Salt Lake County mayor issues call for volunteers to fill boards
By Mike Gorrell
The Salt Lake TribuneFirst published Feb 19 2013 03:53PM
Salt Lake County officials are advised by boards with titles from A to Z.
Mayor Ben McAdams wants the membership of those boards to be as broad as their alphabetical span. He put out a call Tuesday for residents to fill openings on boards dealing with everything from Administrative Control to Zoo, Arts and Parks funding.
"I’m looking for quite a few good men and women," McAdams said. "Utah is the number one state per capita in volunteerism. I need to harness some of that energy.
"What the job lacks in salary," he added, "it more than makes up for in lively interaction with members of the community."
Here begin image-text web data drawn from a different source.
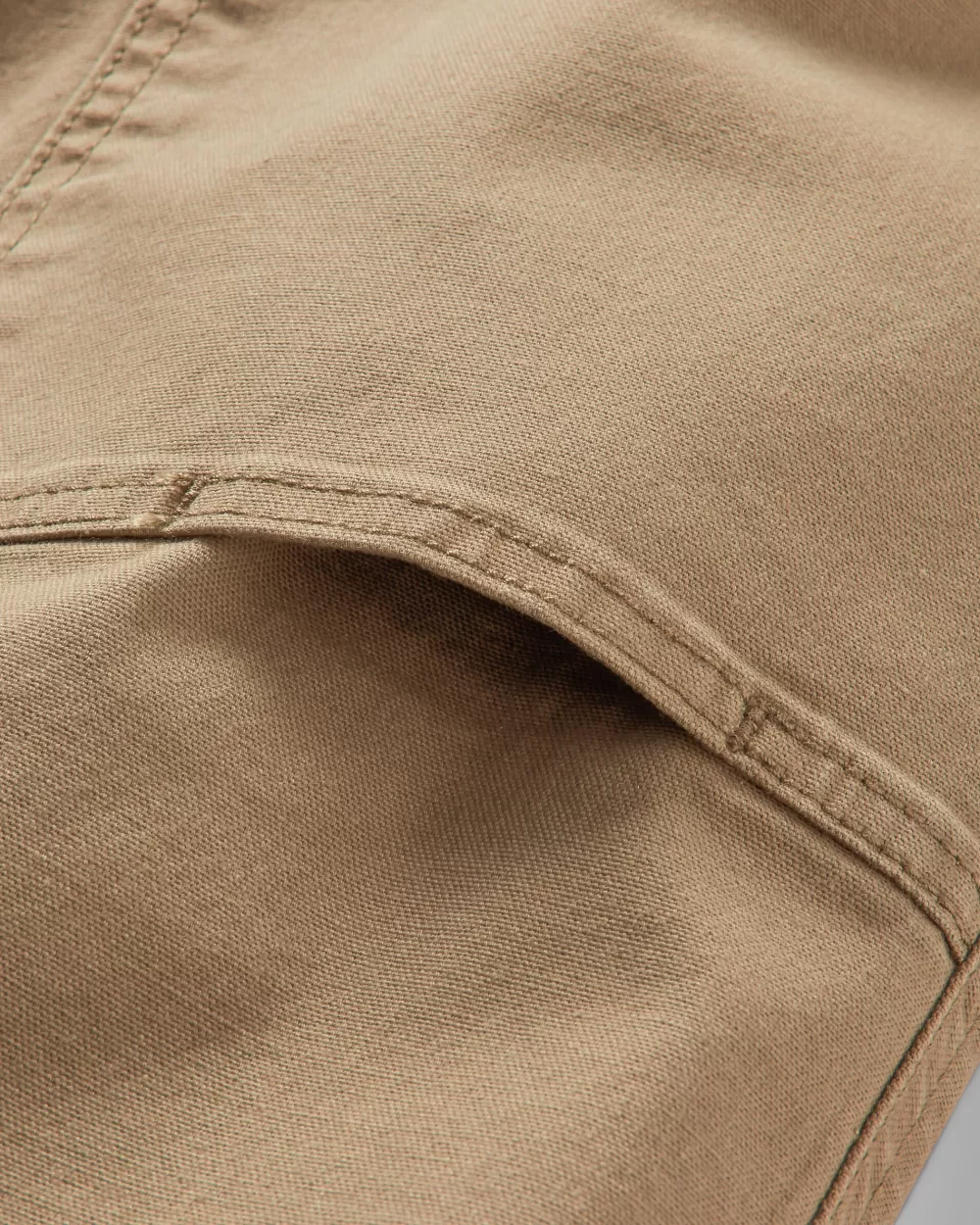 Floris van Bommel Design - Pantaloni Uomo in Tela Canvas Organica Eco-Friendly, Vantage Collection, Comodi e Resistente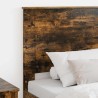 Tête de lit Chêne Fumé 100 cm Bois d’ingénierie 582464582464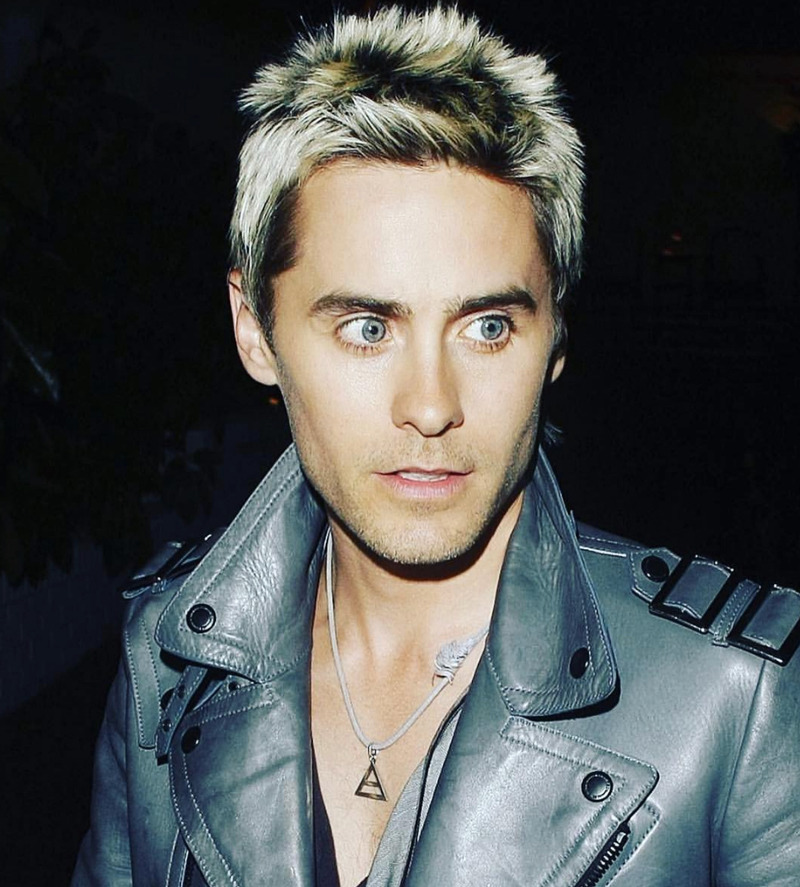 Jared Leto ve ilham verici saçları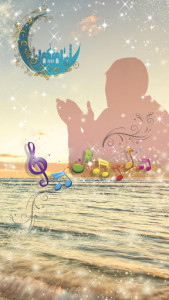 اسکرین شات برنامه Islamic Beautiful Music 3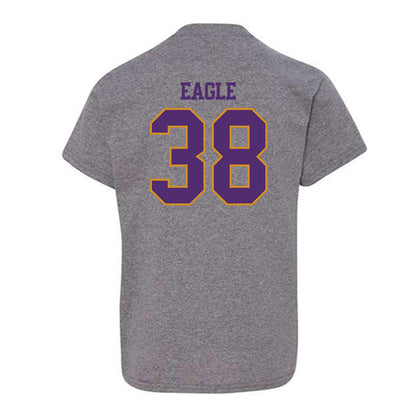 Alcorn - NCAA Football : Ibrahim Eagle - Classic Shersey Youth T-Shirt-1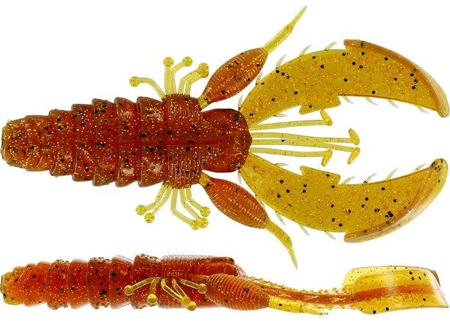 Guma Westin CreCraw Creaturebait 6,5cm | Motoroil Pepper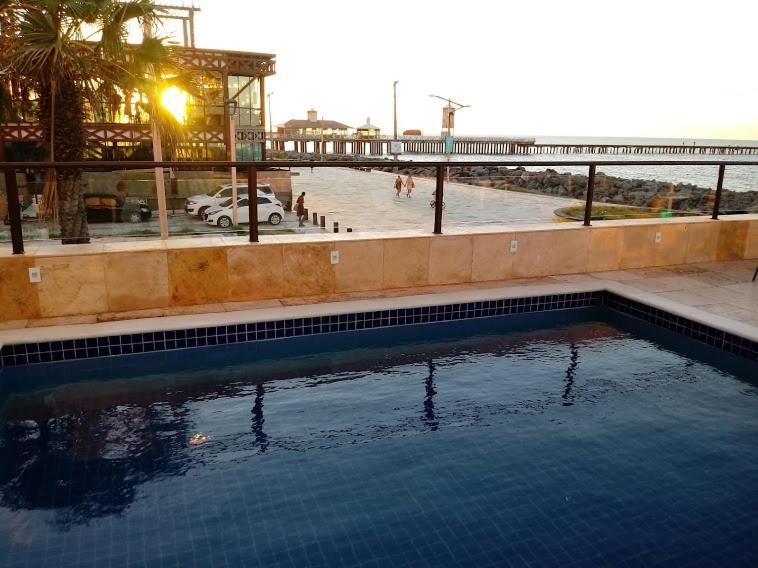 Tabajara Flats Praia De Iracema ฟอร์ตาเลซา ภายนอก รูปภาพ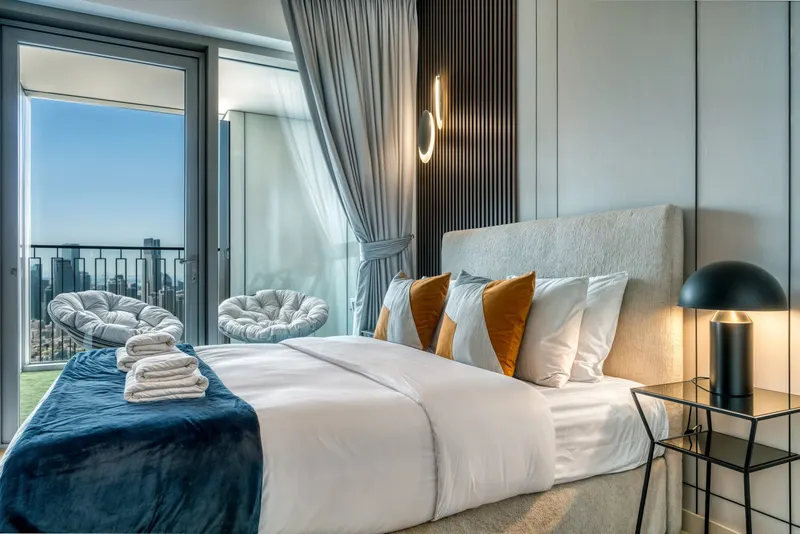 High-Rise Haven, Burj/Fountain View - Vast Outdoor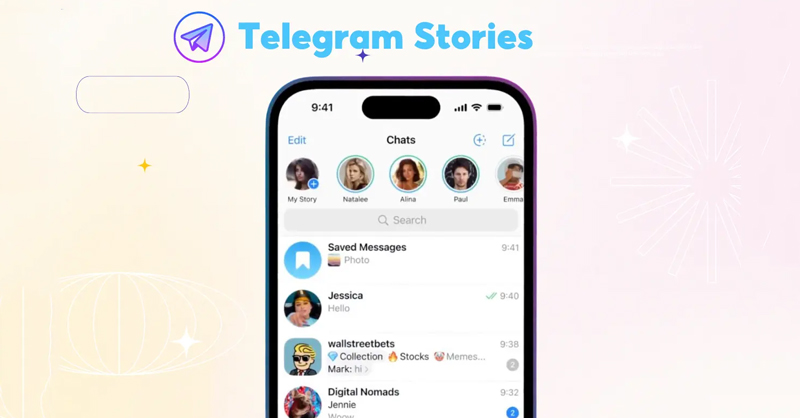 Story Telegram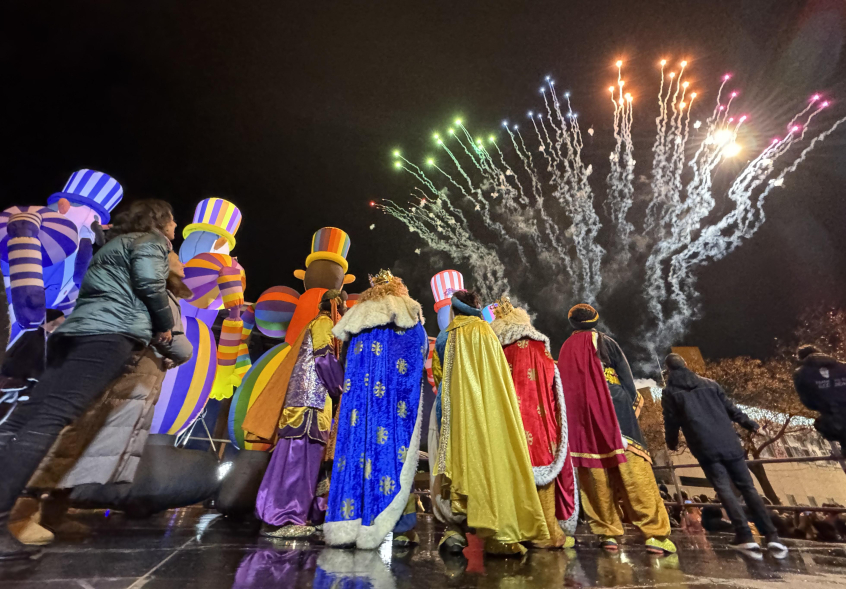 Cabalgata de Reyes 2025, Reyes Magos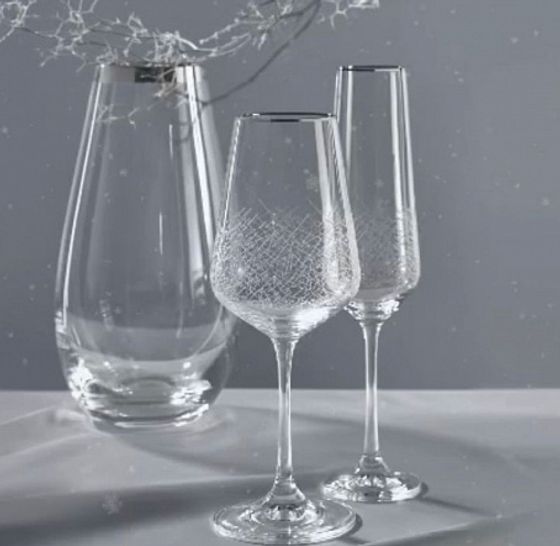 Набор бокалов для вина SANDRA Blizzard 6шт 250мл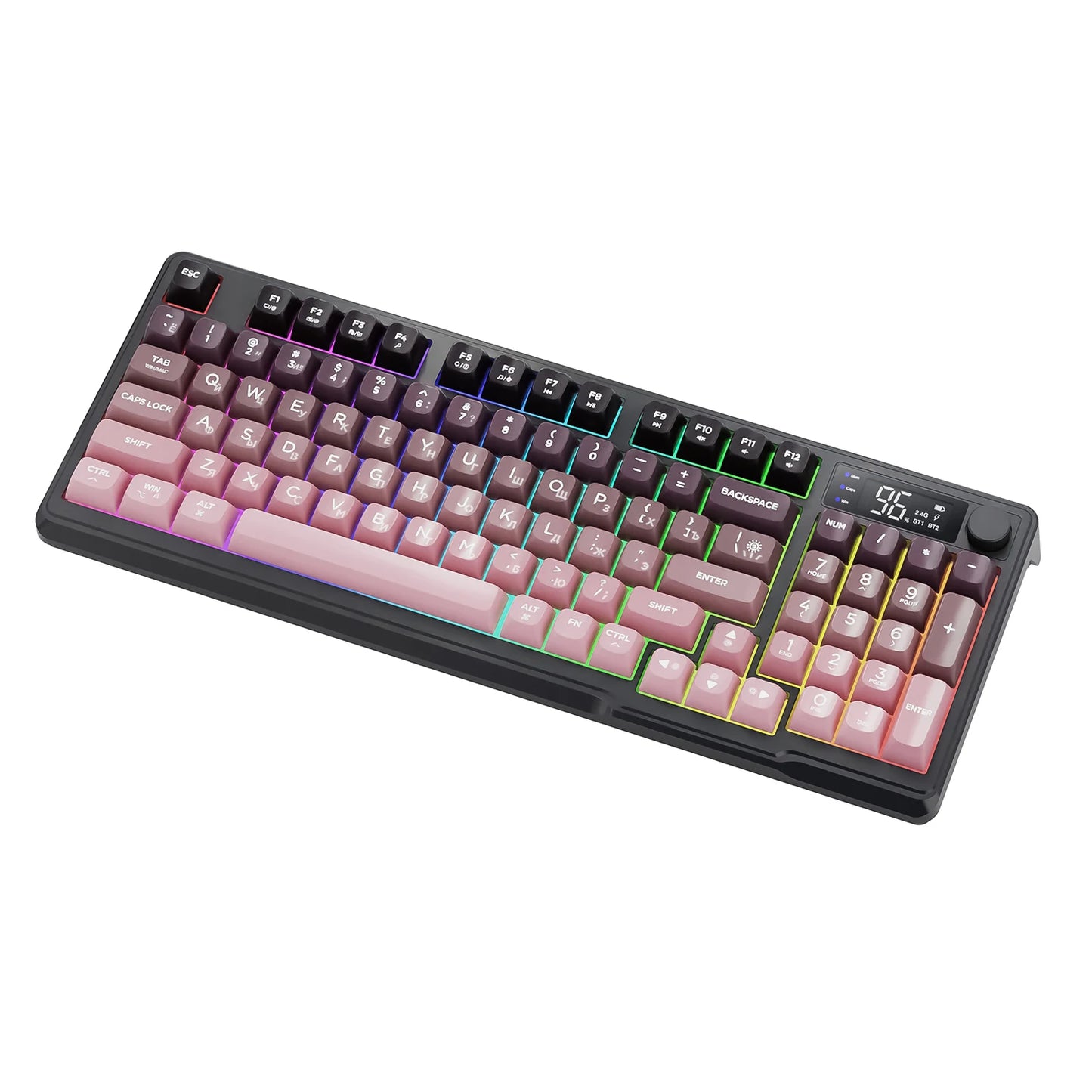 M96 Multi-Device Gaming Keyboard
Salt Lake County has more than 100 boards. They deal with old and young people, canyons and foothills and rivers and lakes, physical health and mental well-being, housing, bicycles and government records, sister cities, drinking water and open space, just about all aspects of life.
To address those diverse issues, McAdams is looking for individuals of all ages, skills, genders, geographical location and ethnicity. Application forms are available at boards.slco.org.
Of the 1,600 seats on the various boards, about 15 percent are empty at any given time, said Sheryl Ivey, who oversees advisory boards and volunteers for the county.
While McAdams encouraged people of all political persuasions to apply, Ivey noted that only two boards — the Deputy Sheriff’s Merit Board and the Career Service Board — require members to divulge their party affiliations. That’s because the county ordinance mandates representation for people in different parties.
Otherwise, Ivey said, "I don’t know [board members’] political affiliation. I don’t ask, I don’t care. We just want the right person for the job."
Charles Henderson said he has felt great satisfaction in volunteering on several boards, most recently representing the unincorporated county on the Utah Transit Authority board.
"I feel I have a responsibility to contribute," he said, for both the African-American community he comes from and county residents as a whole. "I’ve helped make this a better place to live."
Added Rebecca Sanchez, county diversity director: "Bring together people of diverse backgrounds and you get new and innovative ideas."